Saya sungguh terkena dengan kelakuan yang Saul dalam kisah itu. Saya pun sering melakuka perhitungan dengan Tuhan. Contoh kalau saya mau persembahan kala Ekaristi. Sering dalam persembahan saya tidak mempersiapkan dengan baik. Meskipun persembahan saya tidak banyak, tetapi kalau dipersiapkan dengan baik maknanya pasti lain.
     Dalam keadaan salah dan terbukti pun Saul masih melarikan diri untuk mencari kambing hitam dari kesalahannya.

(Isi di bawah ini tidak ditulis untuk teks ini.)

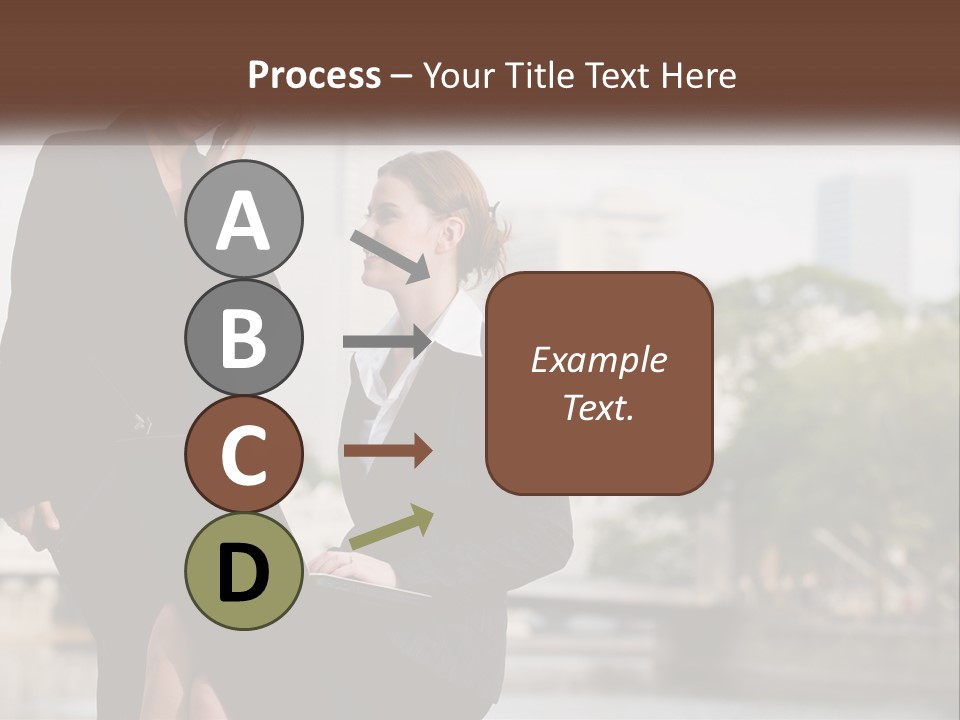 Air White Industry PowerPoint Template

Sebagai seorang raja dia mempunyai wewenang untuk memerintahkan rakyatnya dengan tegas untuk tidak mengambil apa pun dari orang Amalek itu. Seharusnya dia memerintahkan untuk memusnahkan semuanya tanpa kecuali.
     Kedua tindakan Saul di atas, dia lebih mempedulikan apa kata rakyatnya. Apa yang bdikatakan manusia. Saul raja yang sangat peduli akan pencitraan dirinya di depan rakyat. Dia takut kehilangan dukungan rakyat bila dia tidak memenuhi keinginan rakyat. Nama baik dirinya di hadapan manusia jauh lebih penting baginya daripada menuruti perintah Tuhan.  Saul selalu mencari pembenaran dari kesalahan yang diperbuatnya. Dia tidak secara ‘gentelman’ mengakui perbauatannya.
     Sebetulnya Saul tahu persis akan tindakan  yang dilakukannya. Berarti ia juga tahu bahwa tindakannya itu tidak tepat. Namun, alih-alih mengakui kesalahannya dan meminta ampun kepada Tuhan atas tindakannya, ia malah mencari dalih untuk membenarkan tindakannya. Lempar batu sembunyi tangan, begitu mungkin peribahasa yang tepat untuk Saul.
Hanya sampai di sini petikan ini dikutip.